§ **Data in this exercise**:
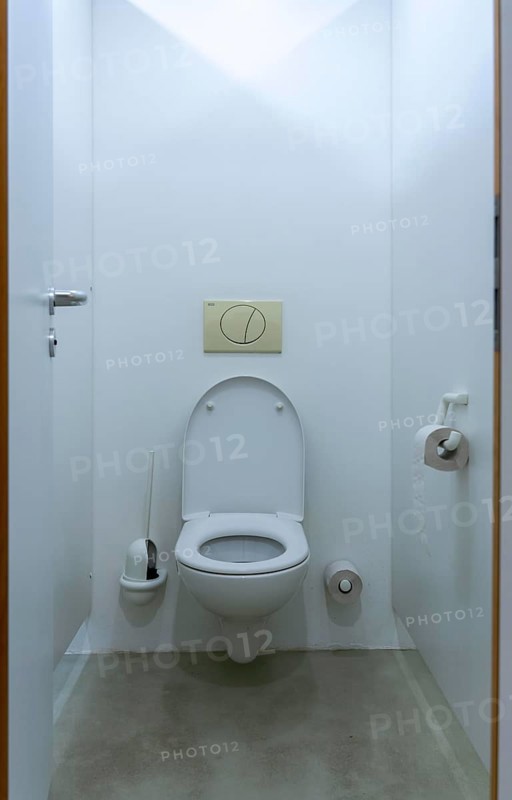 Men's toilet, Toilet cubicles, Toilet seat, Toilet seat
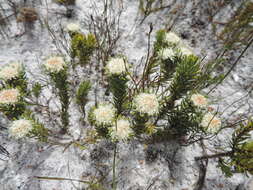 Image of Agathosma hookeri Sond.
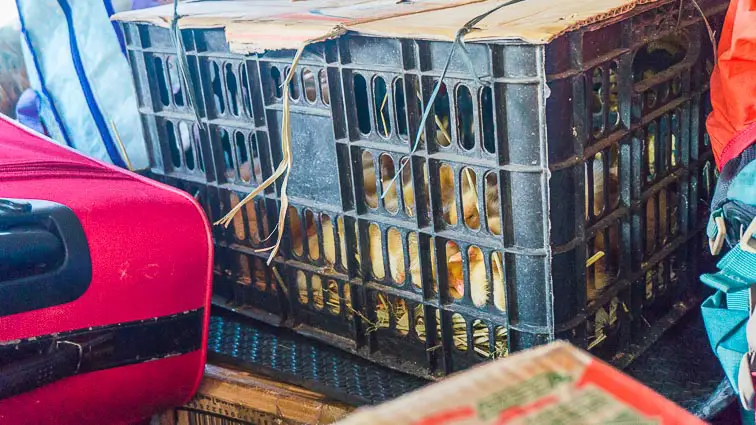 Typisch Azië: Bussen delen met kippen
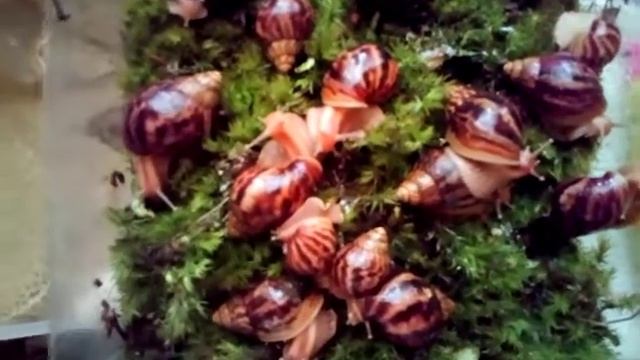 Первая кладка яиц улиток ахатин  в этом году 23.06.21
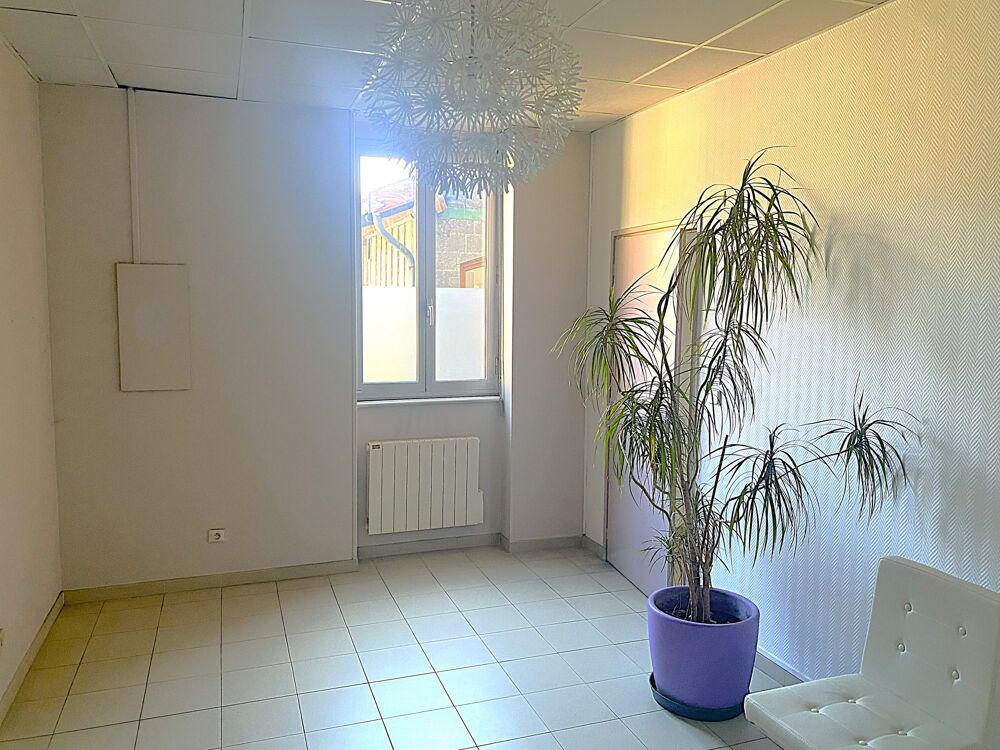   LOCAL PROFESSIONNEL IDEAL PROFESSION LIBERALE Villefranche-sur-saône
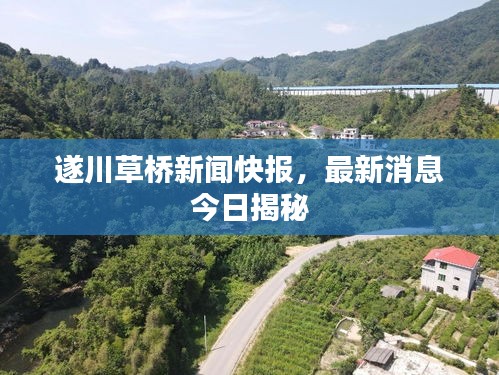 遂川草橋新聞快報，最新消息今日揭秘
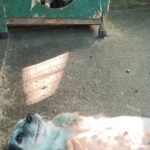 Screenshot 20251129 084405 gallery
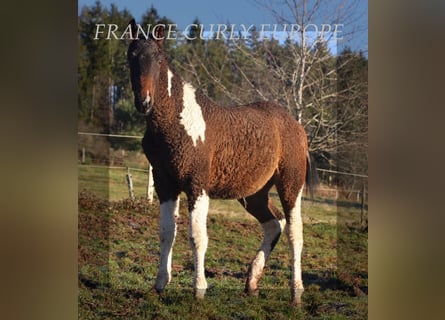 Cheval Curly, Étalon, 2 Ans, Bai cerise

§ **Exercise description**: Return every entry above exactly as written, minus the pictures.

§ **Exercise output**:
 Men's toilet, Toilet cubicles, Toilet seat, Toilet seat
 Image of Agathosma hookeri Sond.
 Typisch Azië: Bussen delen met kippen
 Первая кладка яиц улиток ахатин  в этом году 23.06.21
   LOCAL PROFESSIONNEL IDEAL PROFESSION LIBERALE Villefranche-sur-saône
 遂川草橋新聞快報，最新消息今日揭秘
 Screenshot 20251129 084405 gallery
 Cheval Curly, Étalon, 2 Ans, Bai cerise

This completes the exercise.